- _TASK TO CARRY OUT_
With the pictures left out, retype exactly the lines below starting at the line that contains "May include: A" and ending at the line that contains "Bouquet of red".

- _ENTRIES PROVIDED_
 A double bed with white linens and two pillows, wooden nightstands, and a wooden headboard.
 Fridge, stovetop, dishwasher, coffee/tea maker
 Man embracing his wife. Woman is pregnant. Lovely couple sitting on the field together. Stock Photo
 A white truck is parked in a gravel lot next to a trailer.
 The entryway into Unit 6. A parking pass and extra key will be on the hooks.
--
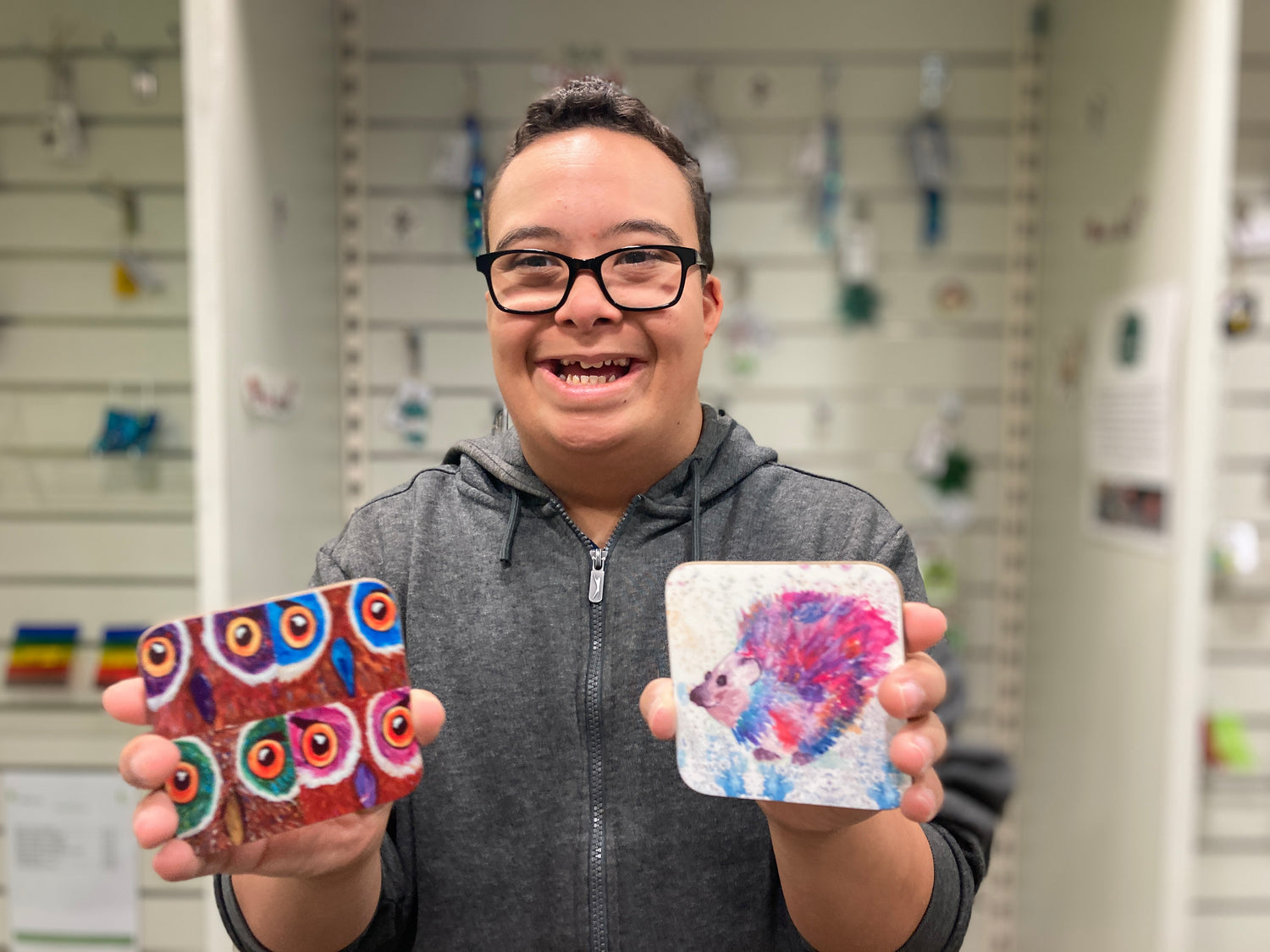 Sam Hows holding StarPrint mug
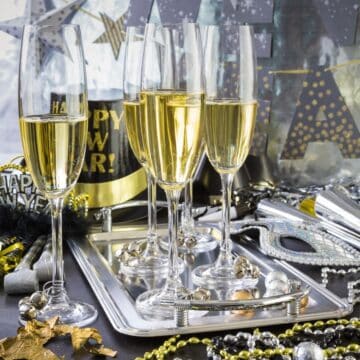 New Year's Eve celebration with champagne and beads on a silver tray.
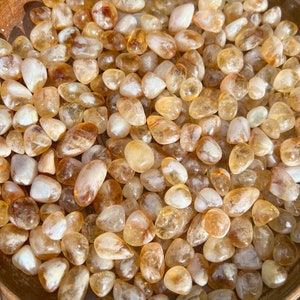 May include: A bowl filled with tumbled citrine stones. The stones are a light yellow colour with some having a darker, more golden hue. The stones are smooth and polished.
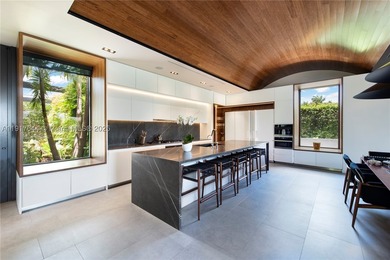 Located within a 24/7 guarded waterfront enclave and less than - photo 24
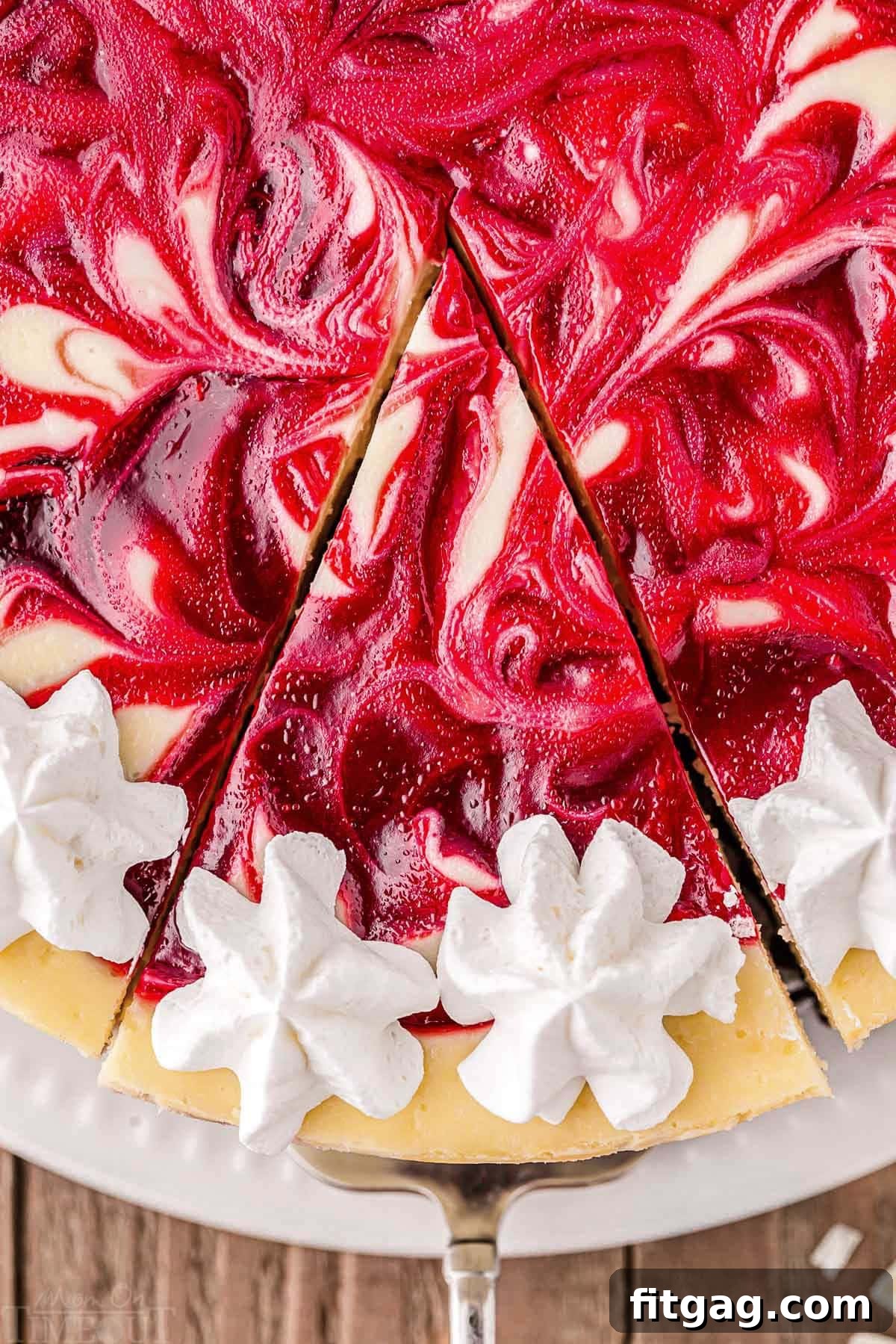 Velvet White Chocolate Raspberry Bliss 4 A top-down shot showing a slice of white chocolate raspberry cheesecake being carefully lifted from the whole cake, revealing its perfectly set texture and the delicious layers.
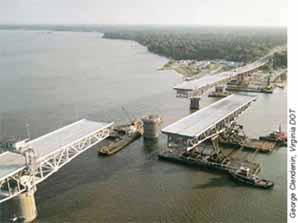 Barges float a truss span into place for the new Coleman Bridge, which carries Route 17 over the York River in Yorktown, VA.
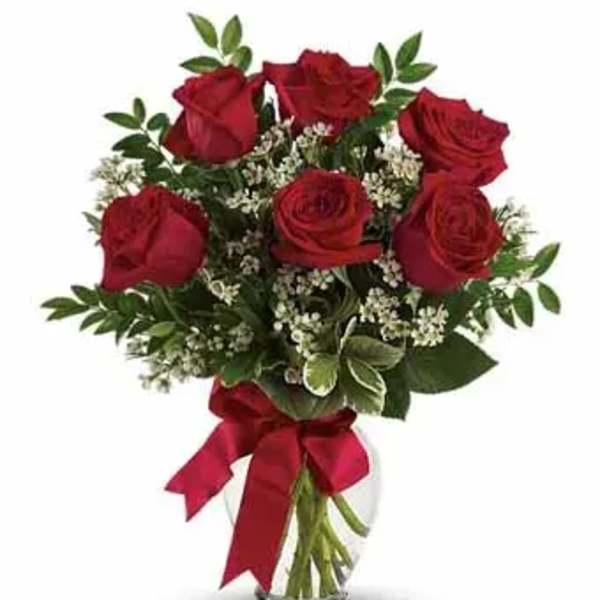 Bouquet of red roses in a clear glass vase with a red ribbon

- _ANSWER TO THIS TASK_
 May include: A bowl filled with tumbled citrine stones. The stones are a light yellow colour with some having a darker, more golden hue. The stones are smooth and polished.
 Located within a 24/7 guarded waterfront enclave and less than - photo 24
 Velvet White Chocolate Raspberry Bliss 4 A top-down shot showing a slice of white chocolate raspberry cheesecake being carefully lifted from the whole cake, revealing its perfectly set texture and the delicious layers.
 Barges float a truss span into place for the new Coleman Bridge, which carries Route 17 over the York River in Yorktown, VA.
 Bouquet of red roses in a clear glass vase with a red ribbon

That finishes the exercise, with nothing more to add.